HBO Documentary Films announced Monday that is has acquired the rights to Michelle McNamara’s true-crime book I’ll Be Gone in the Dark: One Woman’s Obsessive Search for the Golden State Killer, which debuted earlier this year at number one on the New York Times bestseller list. The late wife of Patton Oswalt, McNamara passed away before she could finish her work on the book, which was eventually completed by her lead researcher Paul Haynes, and another close colleague Billy Jenkins.
McNamara herself was obsessed with solving the crime and was said to be close to revealing the serial killer’s identity at the time of her death.

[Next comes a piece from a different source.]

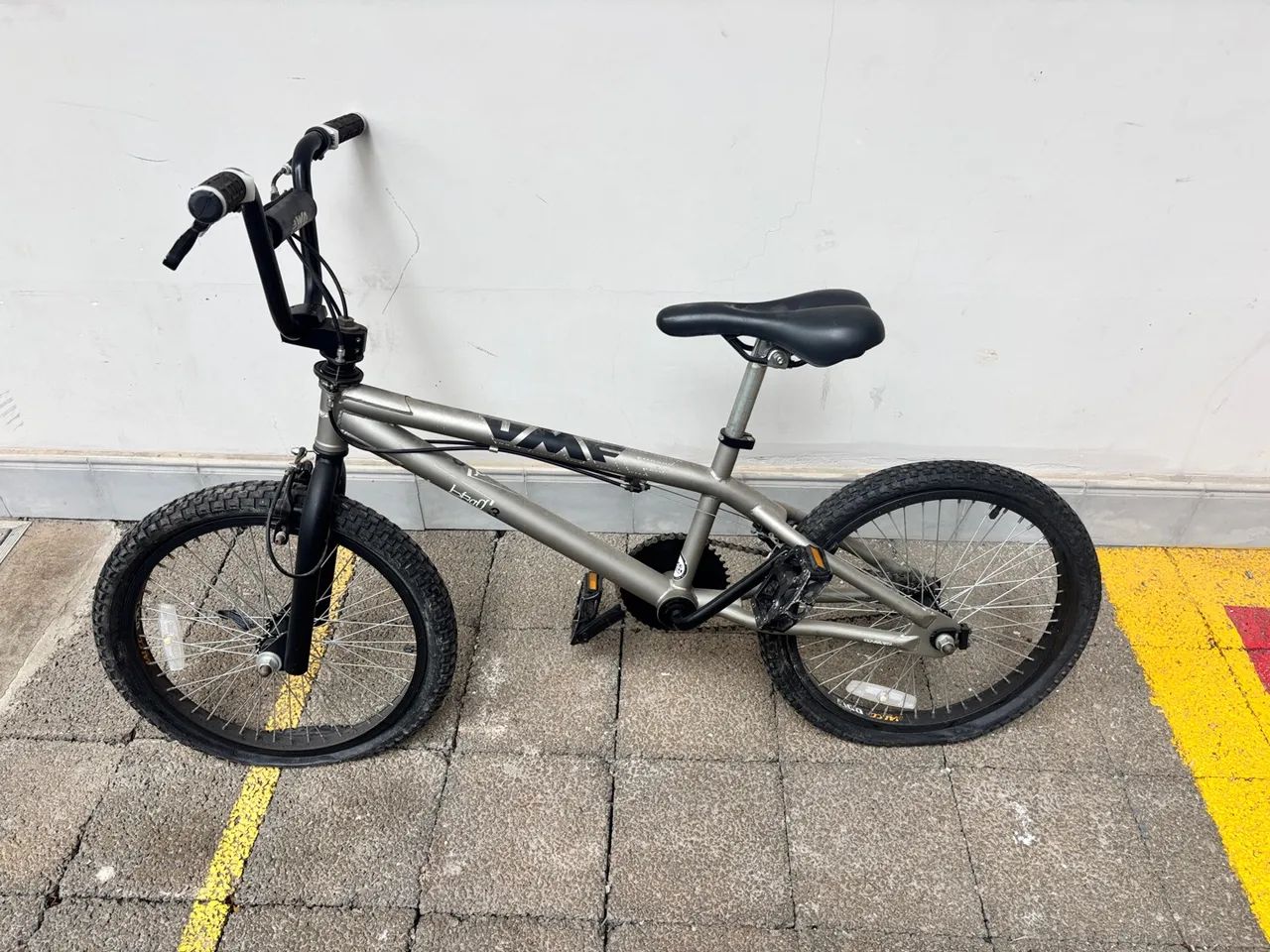 Bicicleta BMX VMF Aro 20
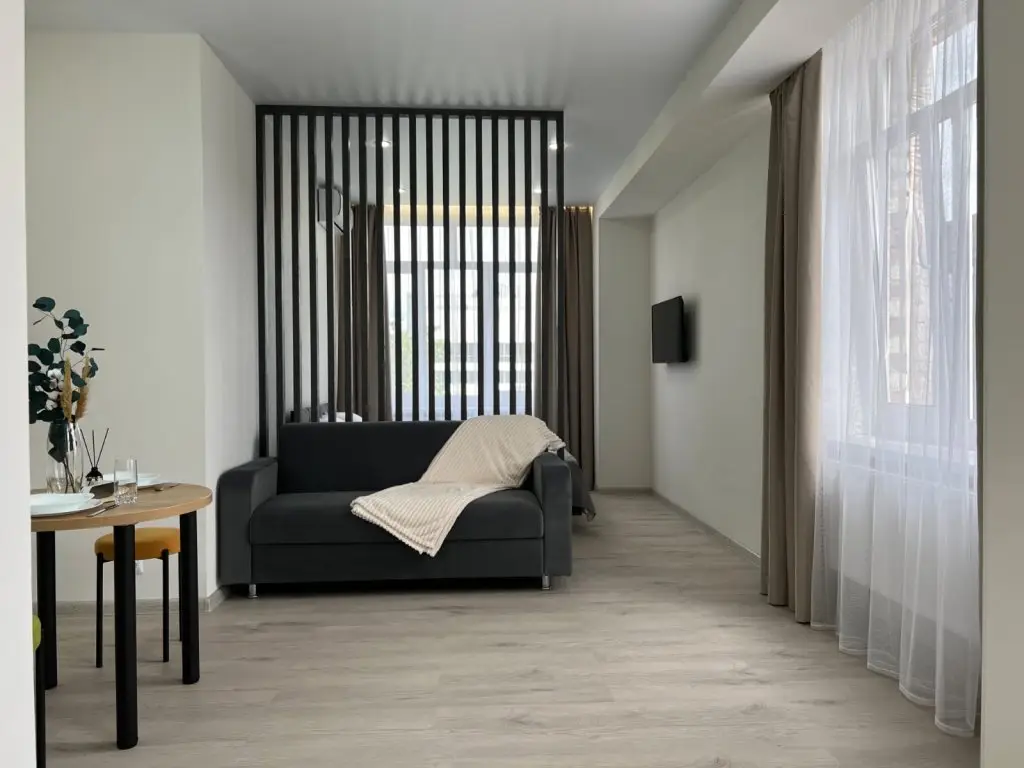 Казань: Apartsety.Rf Apart-Hotel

Creator of the popular website TrueCrimeDiary.com, McNamara was determined to find the violent psychopath she dubbed “The Golden State Killer,” who committed 50 home-invasion sexual assaults in Northern California before moving south, where he perpetrated ten murders. Then he disappeared, eluding multiple police forces and some of the best detectives in the area. Obsessed with the case three decades later, McNamara pored over police reports, interviewed victims and embedded herself in the online communities that were as obsessed with the case as she was. “I’ll Be Gone in the Dark” also explores her own past, including her years growing up in Oak Park, Ill. in a large family, and the reverberations of the unsolved murder that haunted her youth.
Oswalt, who wrote the afterword to the book and was his wife’s biggest fan, said of the news, “HBO taking on this story will advance the passionate pursuit that Michelle shared with dozens of men and women in law enforcement — to solve the mystery of one of California’s most notorious serial killers.”